- [Material provided]
-*-*-

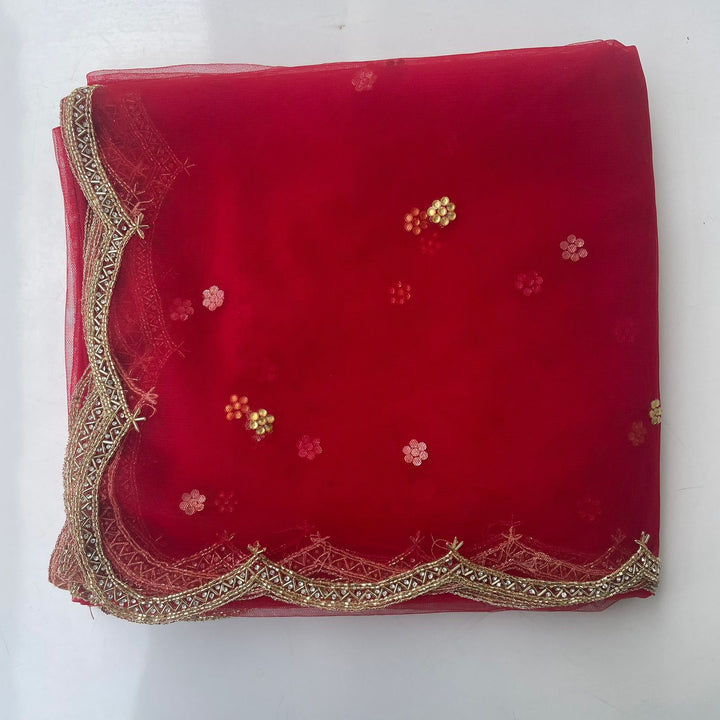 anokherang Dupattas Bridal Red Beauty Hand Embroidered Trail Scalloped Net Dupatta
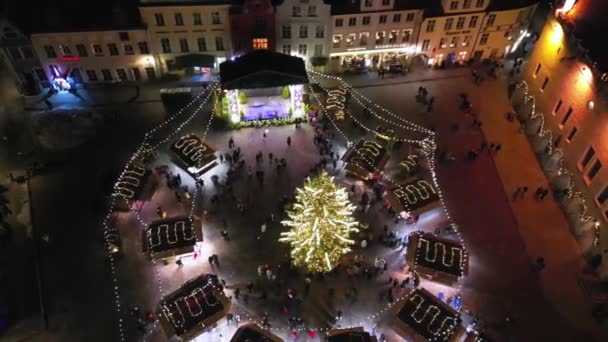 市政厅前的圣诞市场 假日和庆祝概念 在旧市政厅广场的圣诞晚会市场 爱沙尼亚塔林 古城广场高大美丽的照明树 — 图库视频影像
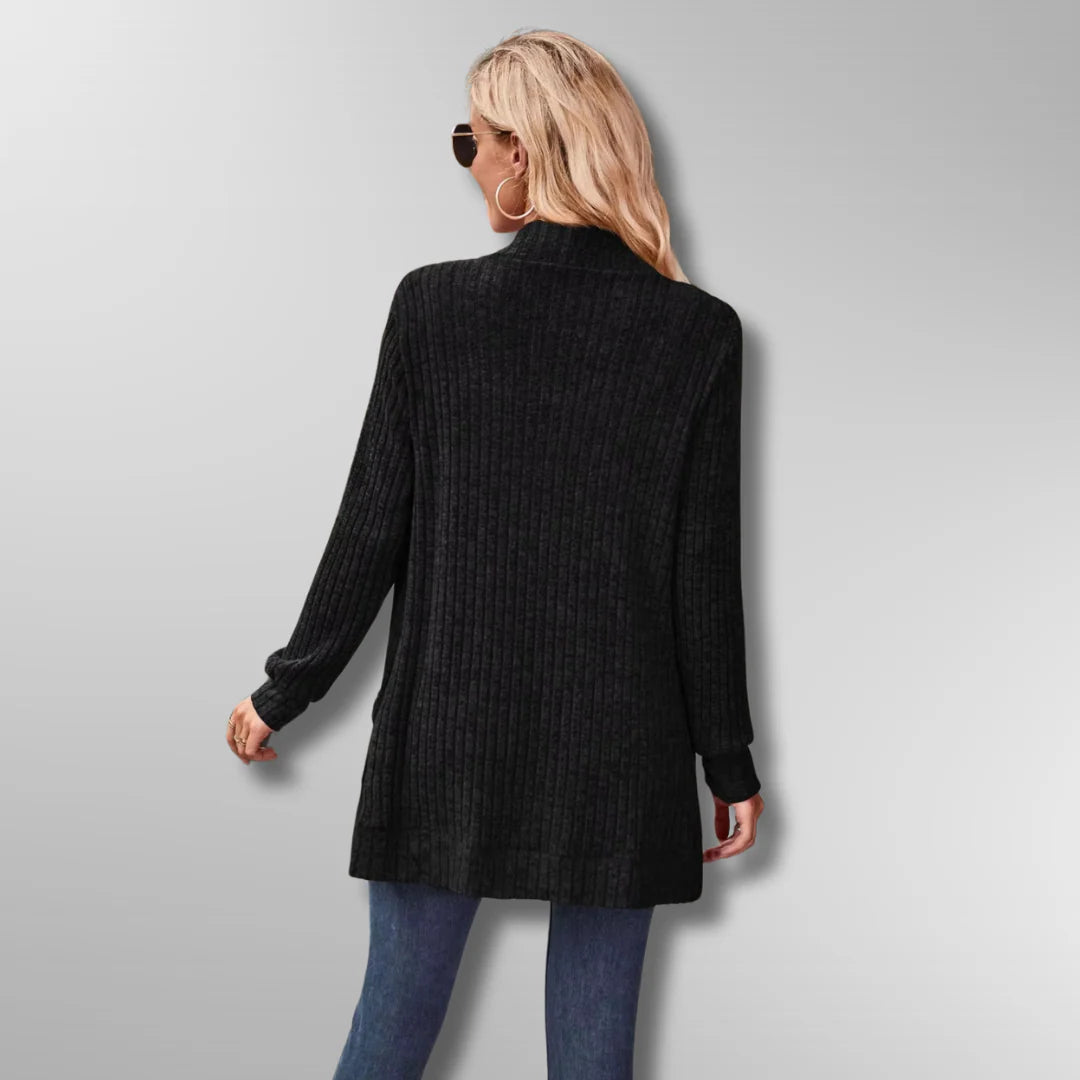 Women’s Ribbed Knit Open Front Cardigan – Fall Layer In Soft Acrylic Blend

-*-*-

- [Task statement]
No pictures belong in the copy. Retype exactly, and only, the lines from the line containing "市政厅前的圣诞市场 假日和庆祝概念 在旧市政厅广场的圣诞晚会市场" through the last line of the data, both included.

- [Task answer]
 市政厅前的圣诞市场 假日和庆祝概念 在旧市政厅广场的圣诞晚会市场 爱沙尼亚塔林 古城广场高大美丽的照明树 — 图库视频影像
 Women’s Ribbed Knit Open Front Cardigan – Fall Layer In Soft Acrylic Blend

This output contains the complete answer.